Minister for Equality and Civil Rights
- Incumbent
- Assumed office 4 June 2026
- Preceded by: Office Established

Parliamentary Secretary for Civil Rights and Reforms
- In office 23 November 2020 – 25 February 2021

Mayor of Qormi
- In office 2012–2017
- Preceded by: Jesmond Aquilina
- Succeeded by: Jesmond Aquilina

Member of Parliament
- Incumbent
- Assumed office 20 June 2017

Parliamentary Secretary for Equality and Reforms
- In office 15 January 2020 – 23 November 2020

Personal details
- Born: September 4, 1988 (age 38) Pietà, Malta
- Party: Labour (2024-Current)
- Other political affiliations: Labour (2012- 2023) Independent (2023-2024)
- Domestic partner: Daniel Farrugia (2019–present)
- Children: 1
- Education: University of Malta

= Rosianne Cutajar =

Maltese politician (born 1988)

Rosianne Cutajar (born 4 September 1988) is a Maltese politician who is a member of the Labour Party. She is a member of the Parliament of Malta representing the Sixth District electoral division. Cutajar was Parliamentary Secretary for Civil Rights and Reforms within the Ministry for Justice, Equality and Governance. As a junior minister within Prime Minister Robert Abela’s government, she was responsible for Malta’s equality and civil rights policy and its implementation, together with the country’s legislative reforms across various sectors of government. Cutajar resigned from her position as parliamentary secretary in February 2021 after calls for her resignation due to links with murder suspect Yorgen Fenech.
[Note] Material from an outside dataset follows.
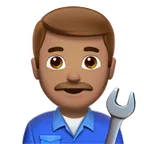 man mechanic: medium skin tone สำหรับแพลตฟอร์ม Apple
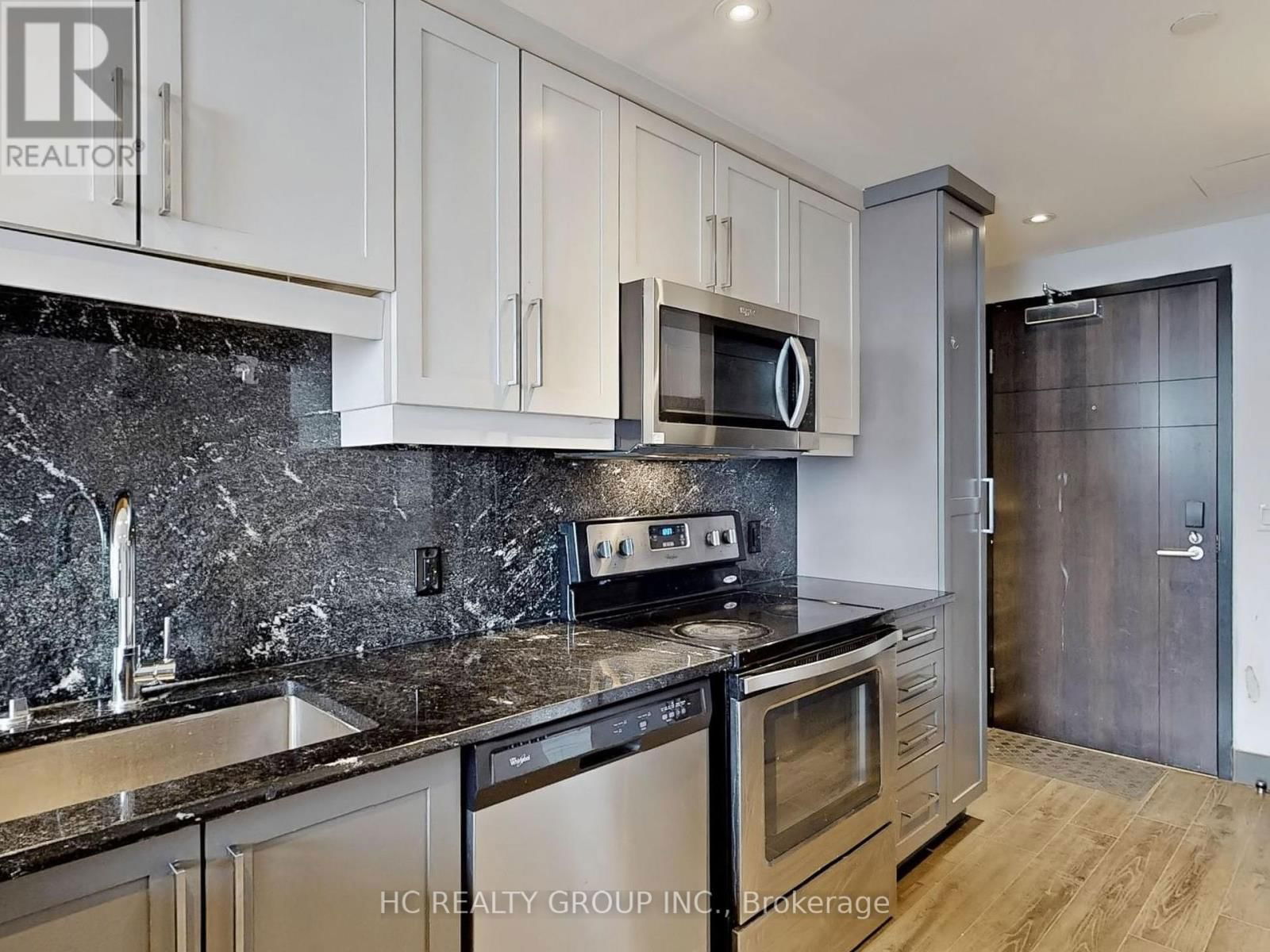 S2405 - 330 PHILIP STREET Image 10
Cutajar also resigned from the Labour Party following the leaking of intimate chat transcripts between her and businessman Yorgen Fenech. She continued to serve as an independent MP before getting reinstated into the Labour Party.

In 2026, Cutajar was appointed Minister for Equality and Civil Rights after the Maltese Labour Party won it fourth consecutive General Election in May 2026.

==Education==
Cutajar attended the Qormi Primary School, going on to the Maria Assunta Girls school in Hamrun for her secondary education. She attended the Giovanni Curmi Higher Secondary School. She graduated with a BA with Honours Degree as well as a Postgraduate Certificate from the University of Malta.

==Political career==
Elected to Malta's House of Representatives in 2017, Rosianne Cutajar worked on the introduction of legislation for civil rights, gender and equality in Malta, as well as the updating of existing laws. She has spoken out on a number of social, policy and bio-ethical concerns. Cutajar’s portfolio included the drafting of a new equality law which is still currently pending. She was also involved in Malta's Gender Balance Reform, the drafting of Malta’s National Action Plan against Racism and Xenophobia (NAPRAX), the updating of Malta's divorce laws, the securing of financial commitment towards Malta's first-ever LGBTIQ+ Community Hub, as well as securing Malta's winning bid for the hosting of EuroPride 2023. Cutajar worked on IVF legislation, the lowering of the voting age threshold to sixteen, action against domestic abuse, opened up the debate on a regulatory framework for prostitution, as well as working on a reform to decriminalise the responsible personal use of cannabis. Cutajar has also been responsible for the launch of a 24/7 helpline for victims of domestic violence.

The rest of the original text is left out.